Input material =
== Segment start ==
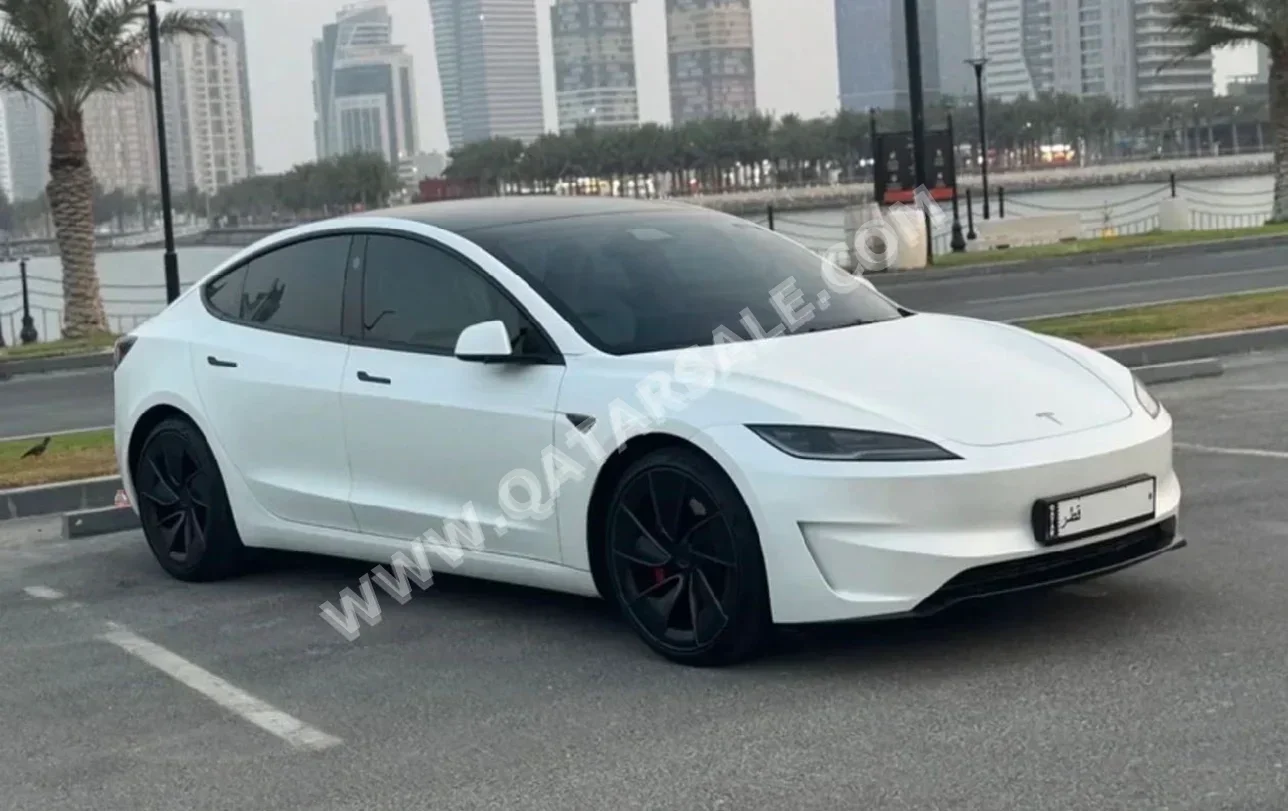 تسلا مودل 3 بيرفورمانس 2025 اوتوماتيك 17,410 كم 0 سلندر دفع كلي مستمر سيدان أبيض تحت الضمان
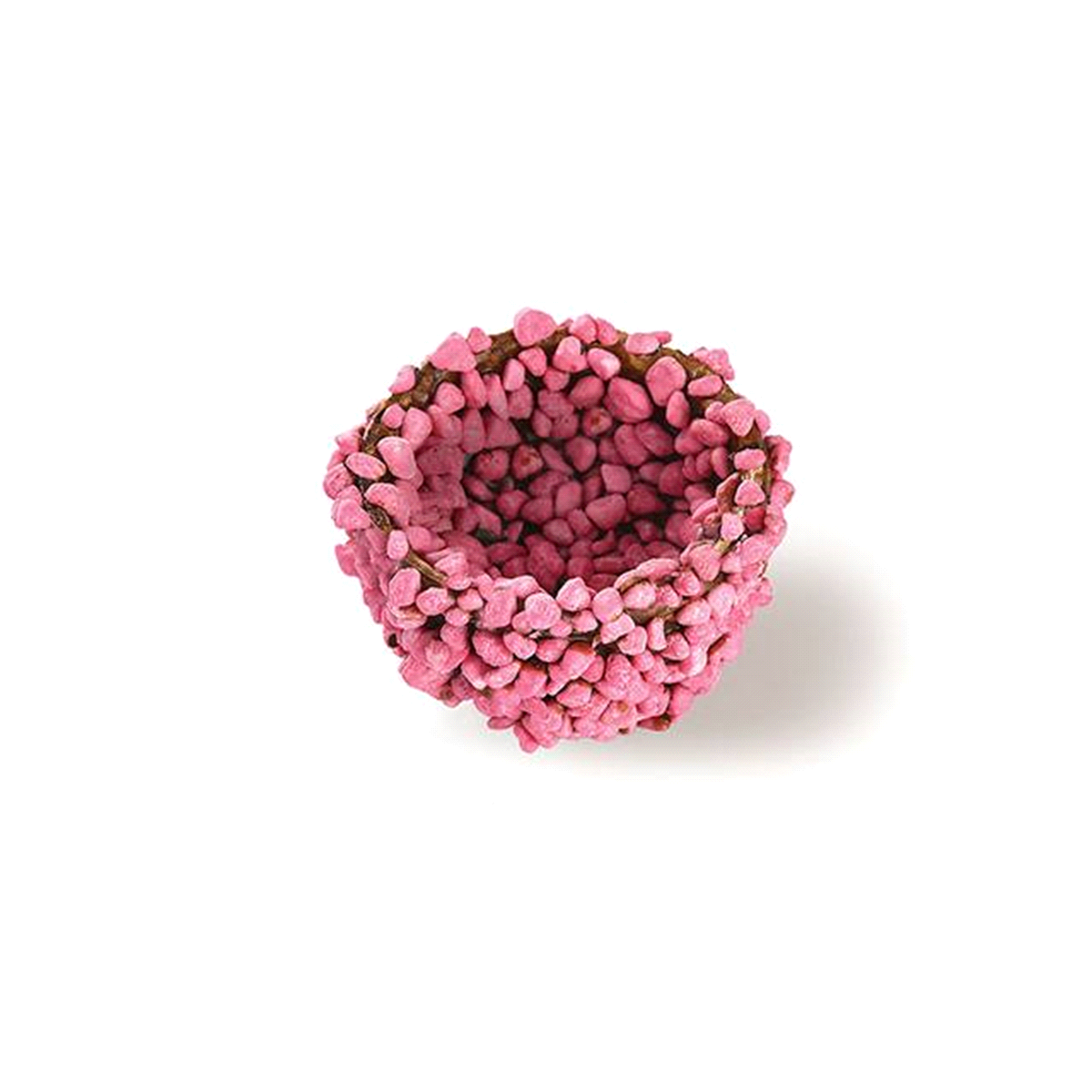 Cestine in cialde stampata ricoperte di cacao e granella di riso soffiato alla fragola. Dimensione: 2,1 cm – Ø 4,5 cm. 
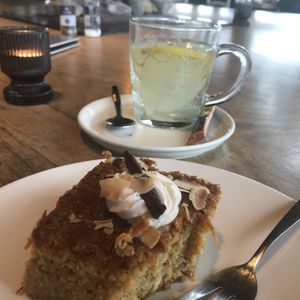 Rüblikuchen mit Ingwertee   at Paal 17 in Texel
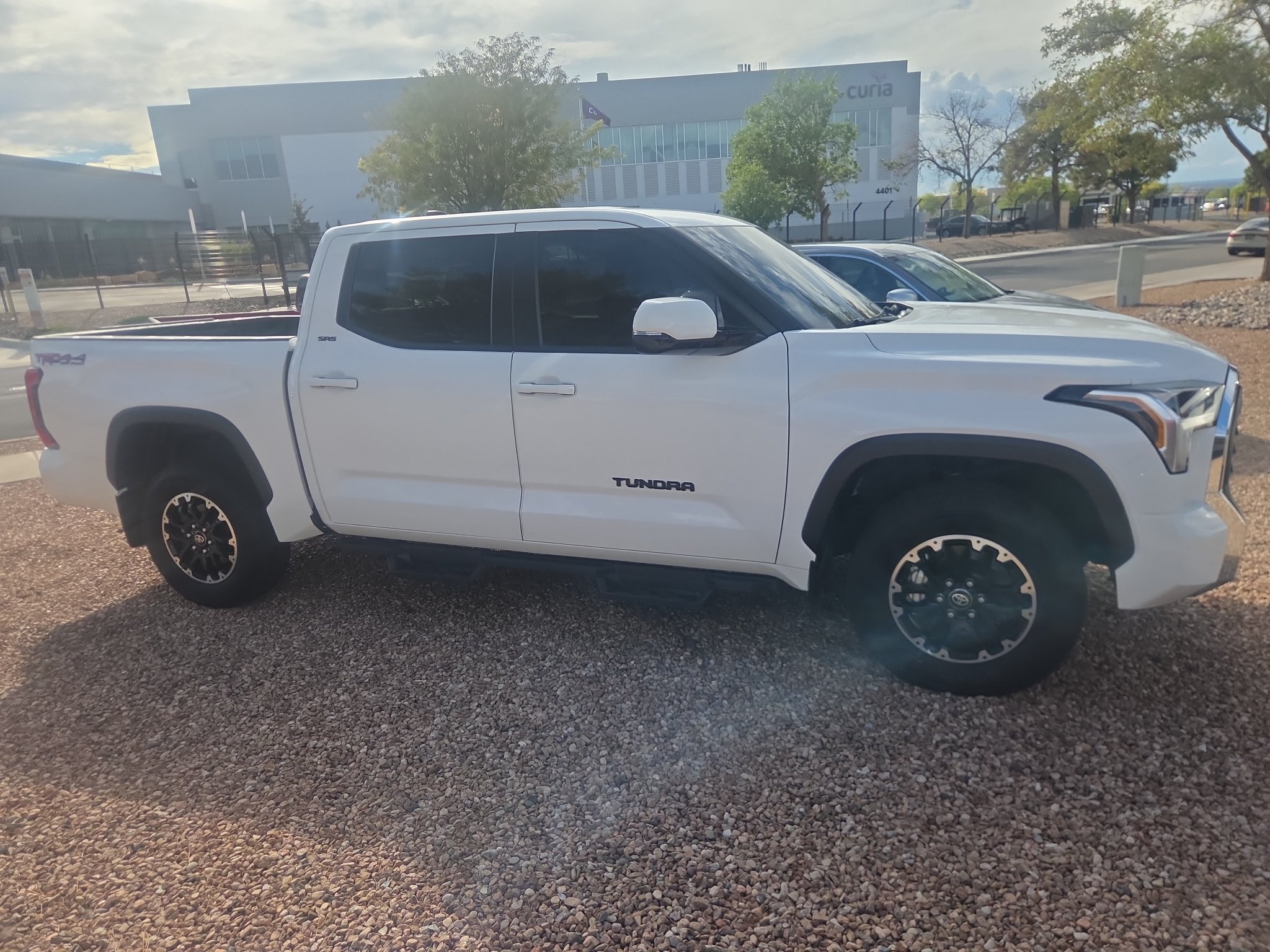 Used 2025 Ice Cap Toyota SR5 image 6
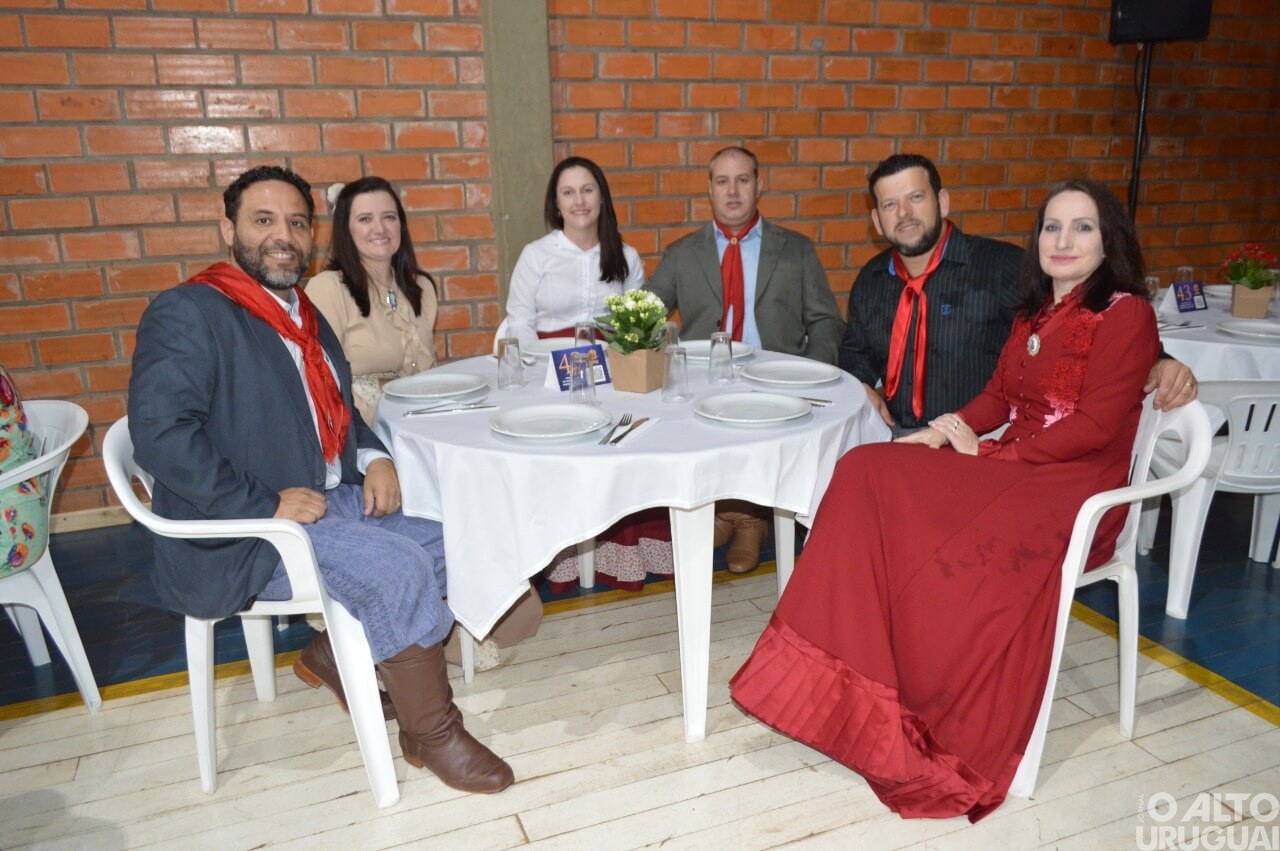 Jantar marca 40 anos da Apae-FW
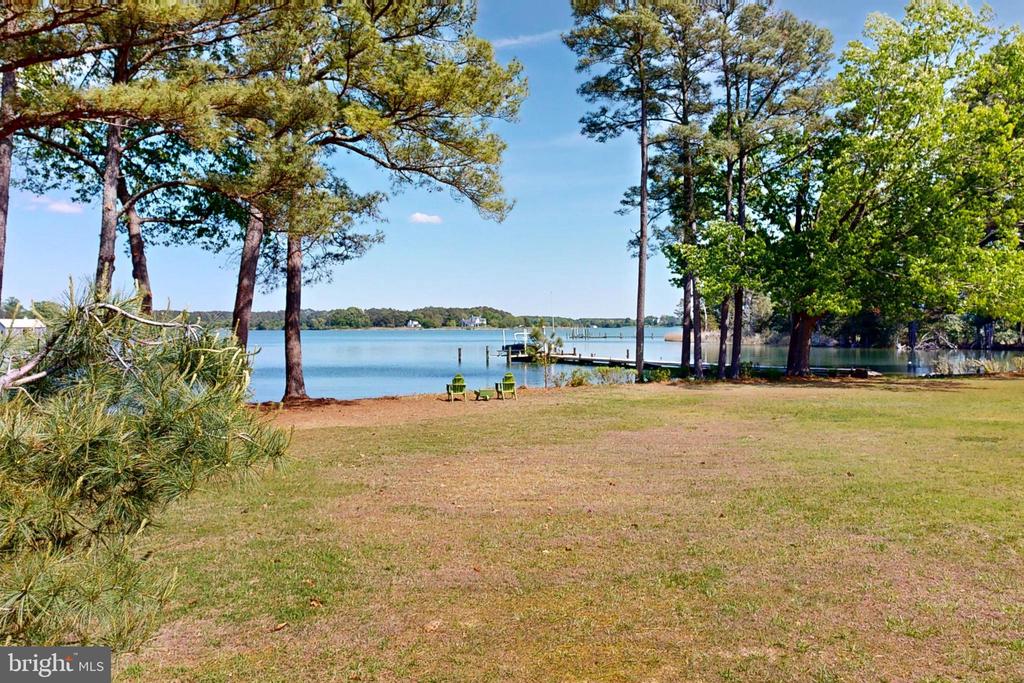 6906 TRAVELERS REST CIRCLE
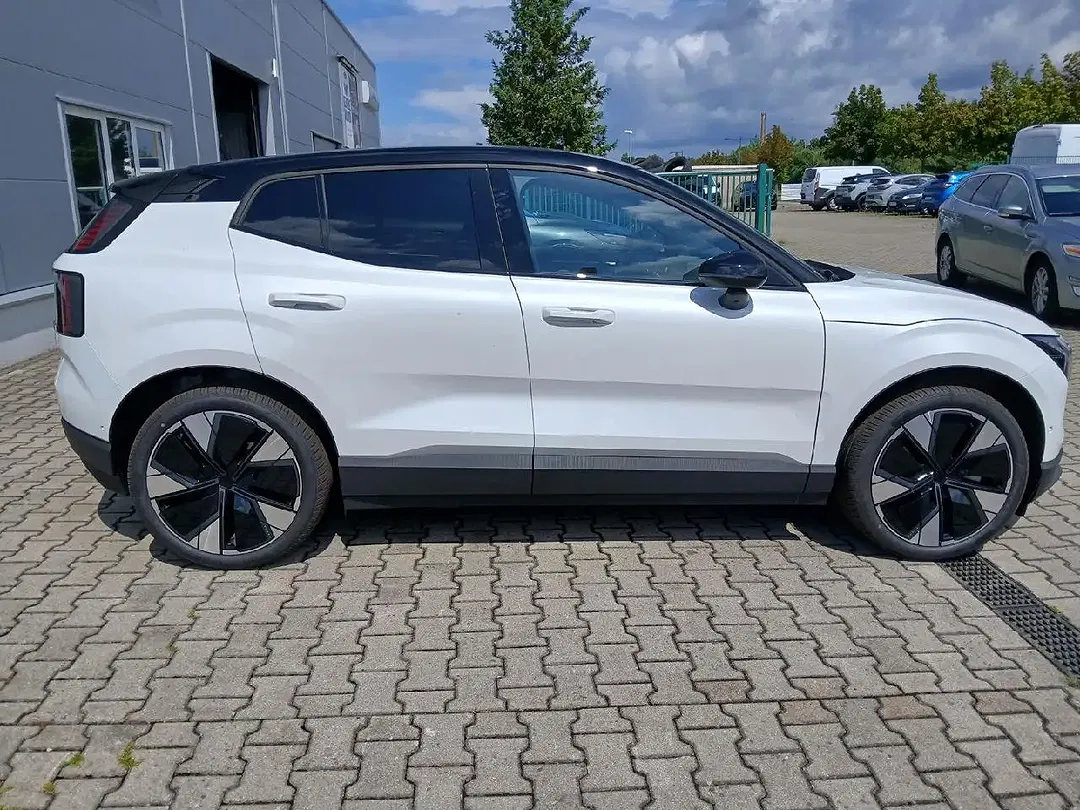 Volvo EX30 EV Ultra - Thumbnail 4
== Segment end ==
Task instructions =
Do not include pictures. Copy only the lines running from the line with "6906 TRAVELERS REST CIRCLE" through the last line of the records, exactly as they appear.

Exercise answer =
 6906 TRAVELERS REST CIRCLE
 Volvo EX30 EV Ultra - Thumbnail 4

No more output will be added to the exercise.